De l’autre côté, ces pratiques ont failli dégénérer en incidents diplomatiques, comme entre la Grèce et la Macédoine, où Athènes voulait carrément acheminer 3000 migrants recueillis sur un bateau en Méditerranée par car vers la Macédoine. Si la Grèce accusée de ne pas surveiller ses frontières et de refiler les migrants à d’autres par un laxisme plus ou moins prémédité, dans les Balkans, toutes les autorités fustigent la décision de leurs voisins hongrois d’ériger une clôture de barbelés pour stopper les migrants, ce qui reviendra à les pousser vers la Bulgarie et la Croatie.
A force de les repousser des uns vers les autres, les migrants vont-ils finir par revenir chez eux à la fin de la boucle ? Pas évident…
4- L’esclavage…économique
L’Italie avait décidé, voici quelques années, que les communes hébergeant des demandeurs d’asile pouvaient les faire travailler gratuitement, c’est-à-dire de leur fournir des papiers temporaires mais à la condition qu’ils ne soient pas rémunérés pour leur labeur. Un peu comme les condamnés à des travaux d’utilité publique.
Ce retour à une forme d’esclavage économique pourrait s’étendre au reste de l’Europe car il possède deux avantages certains : en ces temps de crise, ne pas payer les travailleurs, et en ces temps de migration décourager les réfugiés en éliminant à la base le rêve européen qui va leur faire gagner des millions d’euros comme Sarkozy ou BHL. Tous des enfants de migrants.

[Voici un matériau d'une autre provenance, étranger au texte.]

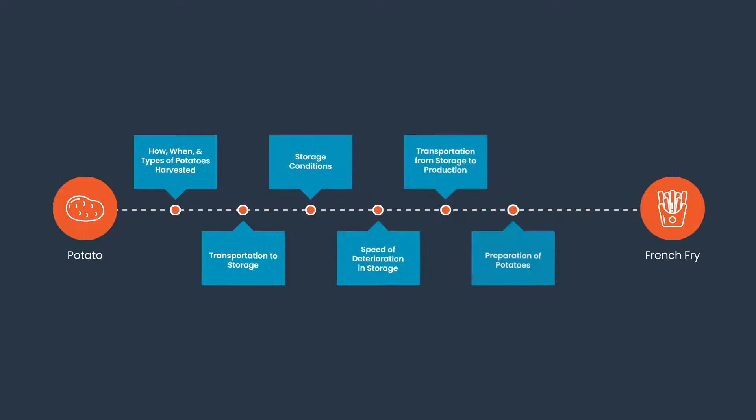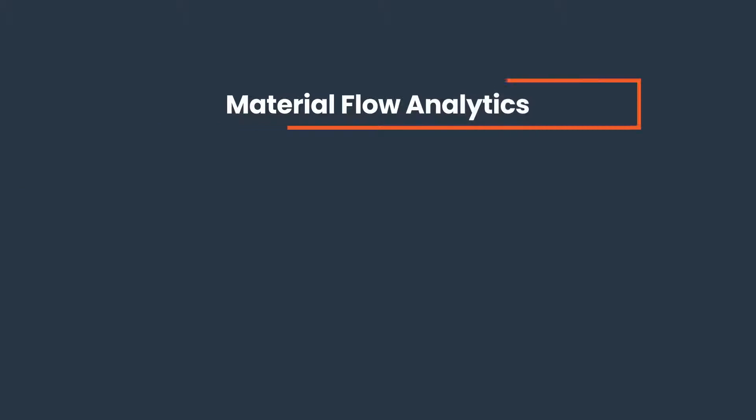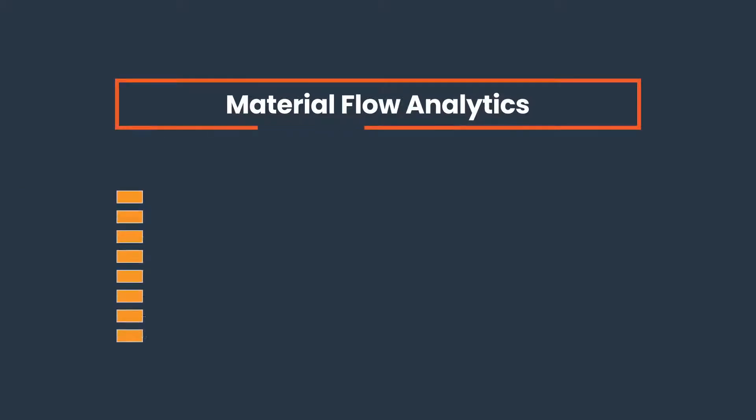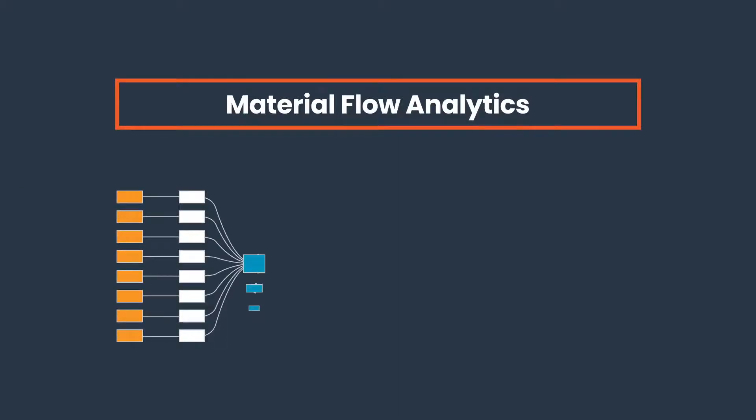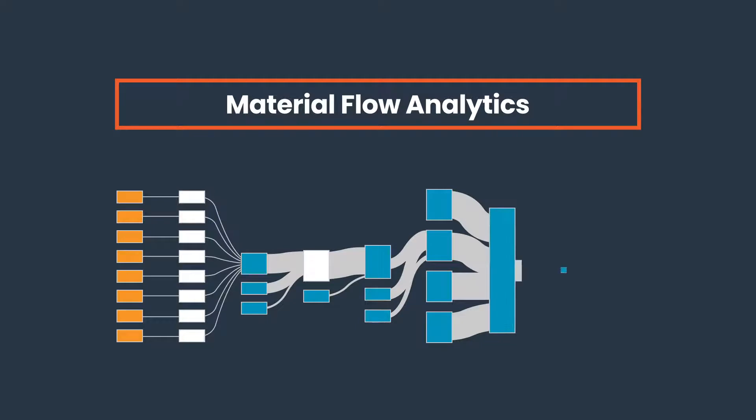Let's take the journey of a potato being made into a french fry as an example. Now, material flow analytics refers to the review and analysis of the data collected during each process of the potato manufacturing lifecycle.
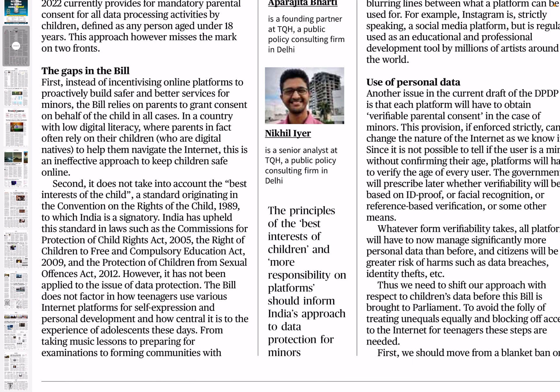The bill does not factor in how teenagers use various internet platforms for self-expression and personal development, and how central it is to the experience of adolescents these days. The bill ignores how children use these platforms to express their descent, grief, emotions, and pain — and how important it is to design platforms keeping children's interests in mind. This is an area the bill completely misses.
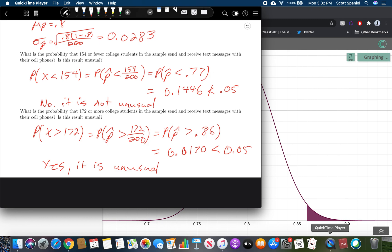That's really all there is to this: check to see that it's normal, then find the mean and the standard deviation, then graph it, and then use CDF to do probabilities. The key is making sure you change the X values into proportions. If they give you a count rather than a percent or proportion, you must convert it.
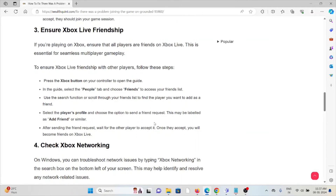The third method is to ensure Xbox Live friendship. If you are playing on Xbox, ensure that all players you want to play with are on your Xbox Live friends list, as this is essential for seamless multiplayer gameplay. Press the Xbox button on your controller to open the guide, select the People tab, and access your friends list. Search for the player you want to add, select their profile, and choose the option to send a friend request. Wait for the other player to accept, and you will become friends on Xbox Live.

5- La colonisation, le retour
Dans la logique européenne du 15ème siècle, il s’agit de pourchasser les assaillants sur leur propre territoire, comme l’a fait l’Espagne catholique en refoulant les Maures d’Andalousie pour les attaquer jusqu’en Afrique du Nord et coloniser ainsi leurs terres. C’est l’idée de la presse tabloïd anglaise et d’une partie des conservateurs.Il n’y a pas si longtemps que Roger Helmer, alors député européen britannique et membre du parti d’extrême droite Ukip, qui veut faire occuper par l’Angleterre la ville de Calais où une partie des migrants passe de l’Europe continentale pour rallier la Grande-Bretagne. Argument historique imparable de l’élu européen : « Calais était anglaise jusqu’en 1558, il est peut-être temps de la reprendre. »
L’Allemagne songerait d’ailleurs à récupérer le reste de la France et Rome et toute l’Europe.

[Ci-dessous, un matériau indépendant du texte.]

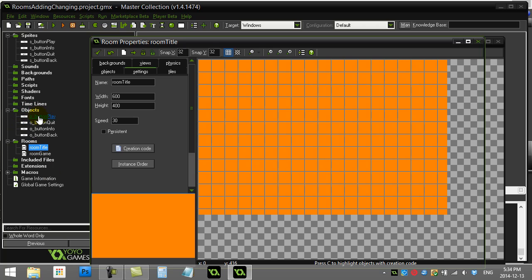Let's go to the room title and you see here I've made a couple objects already. Most people don't think of their game objects as being buttons, but that's exactly what a button can be. It's just a game object that you're intended to click on.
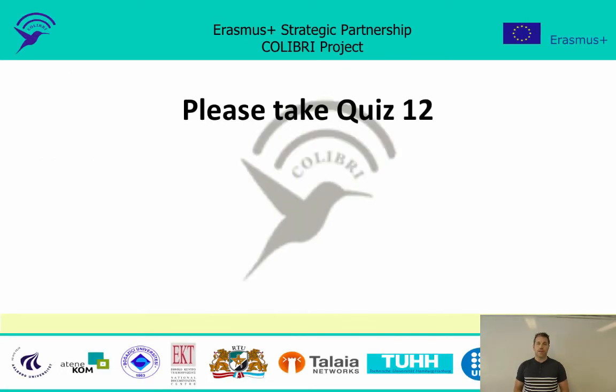Based on what I've been saying about flows and detection at different levels, please take quiz number 12 and then see you soon. Thanks.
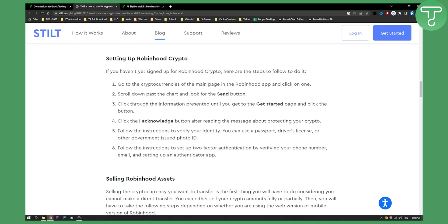First you need to set up a Robinhood crypto wallet. If you haven't yet signed up for Robinhood crypto, here are the steps: you will need to go to cryptocurrencies on the main page of the Robinhood app, click on one, then scroll down past the chart and look for the send button. Click through the information presented until you get to the get started page and click the button.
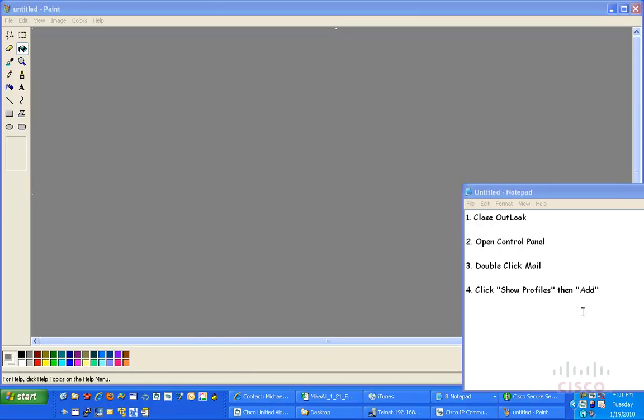Hello everyone, Mike Allen here. I want to record a quick video to show you how to add a new profile to your Outlook account for showing or demoing the Office UC520, 540, and 560 demo kits.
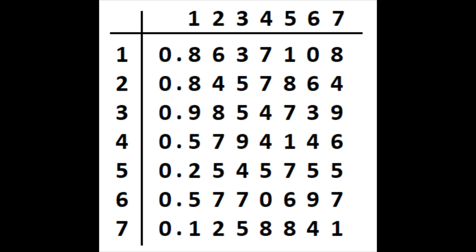But Cantor's explanation for why the diagonal irrational number cannot be found in any of the rows is that there must somehow be more irrational numbers between 0 and 1 than there are whole numbers. Contrary to Cantor's conjecture, there are not more real numbers between 0 and 1 than there are positive integers. You could just as easily and just as falsely claim that there are actually more real numbers than there are numbers between 0 and 1 with a slightly modified diagonal argument.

6- Des camps dans les pays de départ
François Fillon, candidat à la primaire UMP pour 2017, avait proposé de mettre en place des camps de réfugiés en Libye sous le contrôle des Nations unies. Comme en Australie, qui sous-traite moyennant finances des camps sur l’île de Nauru, à Manus en Papouasie et même au Cambodge. Sauf que Fillon est plus malin, c’est l’ONU qui va payer. Reste la question à régler, qui va payer l’ONU ? Pourquoi pas les migrants eux-mêmes ?
7- Le règlement du billet retour
Prendre un peu d’argent et faire le chemin inverse, c’est l’une des idées européennes, calquée sur le modèle australien, lui aussi dépassé par le nombre de réfugiés. L’Australie avait décidé de payer 5000 dollars chaque réfugié pour qu’il retourne chez lui, comme cela a été confirmé sur un cas de bateau indonésien, qui a refait la traversée en sens inverse.

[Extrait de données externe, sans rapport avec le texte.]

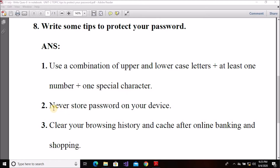The next point is: never store your password on your device. Sometimes when you use a device — suppose a mobile or laptop — it may ask you to save the password for future use. There are two options: save or never. If you choose save, your password gets stored permanently on your mobile or laptop.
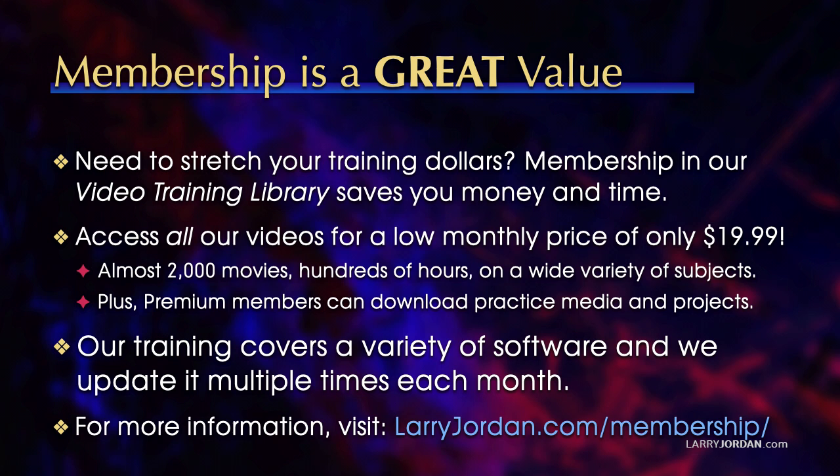Plus, premium members can download practice media and projects. Our training covers a variety of software. We update it multiple times each month. And for more information, visit larryjordan.com slash membership. And thanks.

La méthode va-t-elle s’étendre ? Il y a une limite, celle de l’argent, les 500.000 migrants arrivés cette année en Europe auraient coûté 1 demi-milliard d’euros. C’est 10 fois moins cher que les bombardements en Syrie ou en Libye mais c’est de l’argent, surtout en temps de crise.
8- L’appel aux dieux de l’Olympe
La vieille méthode bureaucratique à la Bruxelloise, se réunir régulièrement pour des réunions de crise. A quoi servent-elles ? L’année dernière, les Européens s’étaient réunis pour donner un nom, l’opération « Triton » avait été lancée voici dix ans pour surveiller les entrants humains, opération pilotée par Frontex, l’agence européenne de surveillance des frontières. « Triton » était censée succéder à l’opération « Mare Nostrum », abandonnée depuis, dans la foulée de », « Hermès », « Poséidon et « Aenesas » (Enée), trois autres opérations de "containment".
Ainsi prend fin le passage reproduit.